How To Run Whisper Transcription Locally On An M-series MacOS Machine Using .NET/C#

I don’t know why I started doing this today, but since it worked … I’m a bit thrilled.

The repo to reference is for Whisper.NET — the .NET/C# implementation of the OpenAI Whisper voice transcription technology.

Recipe

First off, you want to use this program as the foundation for your overall destination. Let’s get going:

1/ Make a .NET console project in your directory of choice

% dotnet new console

2/ Then you want to install a few packages

% dotnet add package Whisper.net
% dotnet add package Whisper.net.Runtime.CoreML

3/ Next you want to clone the repo for Whisper.cpp to create the special modelc file you need to run accelerated on your Arm Mac. Those instructions are all here.

  • Make a Python environment
  • Install cool ML packages
  • Generate a model appropriate for M-series Macs that is GPU-enhanced
% cd <to that repo locally>

% conda create -n py310-whisper python=3.10 -y
% conda activate py310-whisper

% pip install ane_transformers
% pip install openai-whisper
% pip install coremltools

% models/generate-coreml-model.sh base.en

Awesome. You should have been able to generate a folder
./models/ggml-base.en-encoder.mlmodelc

4/ You’ll need to download a model from HuggingFace:

% bash ./models/download-ggml-model.sh base.en

5/ Keep in mind that Whisper needs stuff to be recorded as 16-bit audio files. You might bump into that issue later. And on MacOS there’s no obvious Nuget package to record audio, so I used ffmpeg which is a bit clumsy but it worked fine for my eneds.

% brew install ffmpeg

Note there are a few other things you can do directly from the Whisper.cpp repo documented in the MacOS Arm core-ml support section that worked when I ran them, but I didn’t need them for my little example app in .NET/C#.

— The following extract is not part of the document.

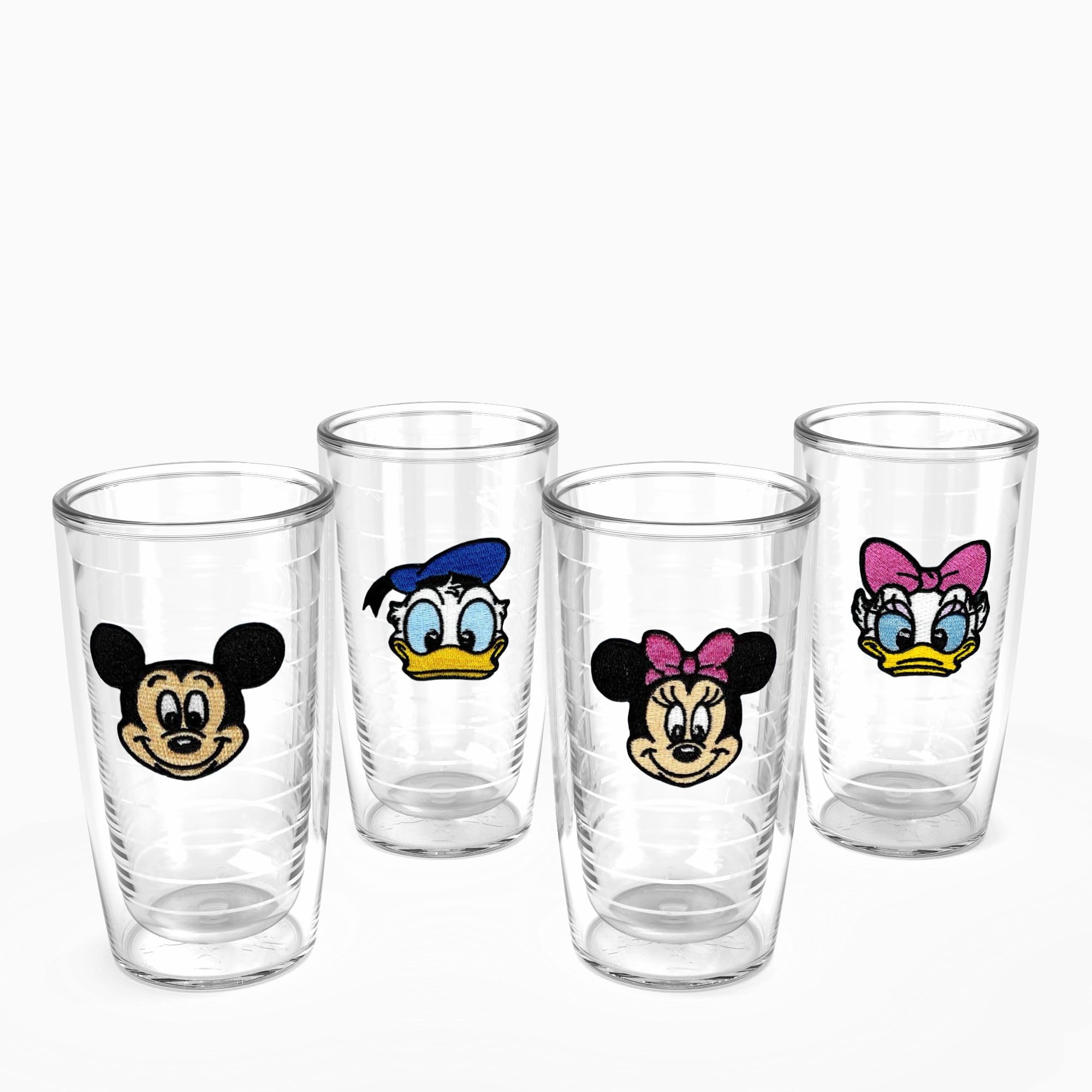 Tervis 16oz Tritan Tumbler | Disney  Faces Collection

6/ Jump back to the original .NET/C# console project you were working on and be sure to copy the folder entitled ./models/ggml-base.en-encoder.mlmodelc to the root of your project. And also the ggml-base.en.bin mode file.

For reference, my directory looks like this:

The Finish Line

Okay! You should be able to record a file and transcribe it with the following code:

using System;
using System.Diagnostics;
using System.IO;
using System.Threading.Tasks;
using Whisper.net;
using Whisper.net.Ggml;

class Program
{
    public static async Task Main(string[] args)
    {
        var ggmlType = GgmlType.Base;
        var modelFileName = "ggml-base.en.bin";
        var wavFileName = "recorded_audio.wav";

        Console.WriteLine("Press Enter to start recording...");
        Console.ReadLine();

        Console.WriteLine("Recording... Press Enter to stop.");
        await RecordAudio(wavFileName);

        Console.WriteLine("Recording stopped. Transcribing...");

        if (!File.Exists(modelFileName))
        {
            await DownloadModel(modelFileName, ggmlType);
        }

        using var whisperFactory = WhisperFactory.FromPath(modelFileName);
        using var processor = whisperFactory.CreateBuilder()
            .WithLanguage("auto")
            .Build();

        using var fileStream = File.OpenRead(wavFileName);

        await foreach (var result in processor.ProcessAsync(fileStream))
        {
            Console.WriteLine($"{result.Start}->{result.End}: {result.Text}");
        }
    }

    private static async Task RecordAudio(string outputPath)
    {
    using var ffmpegProcess = new Process
    {
        StartInfo = new ProcessStartInfo
        {
            FileName = "ffmpeg",
            // you want to have the -y in here to erase the file if it exists -- otherwise it stalls
            // you want to get the input device correct; the way you list the devices is with `ffmpeg -f avfoundation -list_devices true -i ""`
            Arguments = $"-f avfoundation -y -i \":3\" -ar 16000 {outputPath}",
            RedirectStandardInput = true,
            RedirectStandardOutput = true,
            RedirectStandardError = true,
            UseShellExecute = false
        }
    };

    ffmpegProcess.Start();

    // Await user input to stop recording
    await Task.Run(() => Console.ReadLine());

    // Stop FFmpeg process
    ffmpegProcess.StandardInput.Write('q');
    await ffmpegProcess.WaitForExitAsync();
}

    private static async Task DownloadModel(string fileName, GgmlType ggmlType)
    {
        Console.WriteLine($"Downloading Model {fileName}");
        using var modelStream = await WhisperGgmlDownloader.GetGgmlModelAsync(ggmlType);
        using var fileWriter = File.OpenWrite(fileName);
        await modelStream.CopyToAsync(fileWriter);
    }
}

And then just a simple dotnet run and you’re off to the races. Good luck!

Why am I doing this?

I wanted to start polling the microphone for input to Semantic Kernel and as I go deeper into the .NET/C# world I needed something like this. Of course I could have just called the OAI endpoint but since I’ve been watching the cool kids use local models, I couldn’t help but see if this would really work.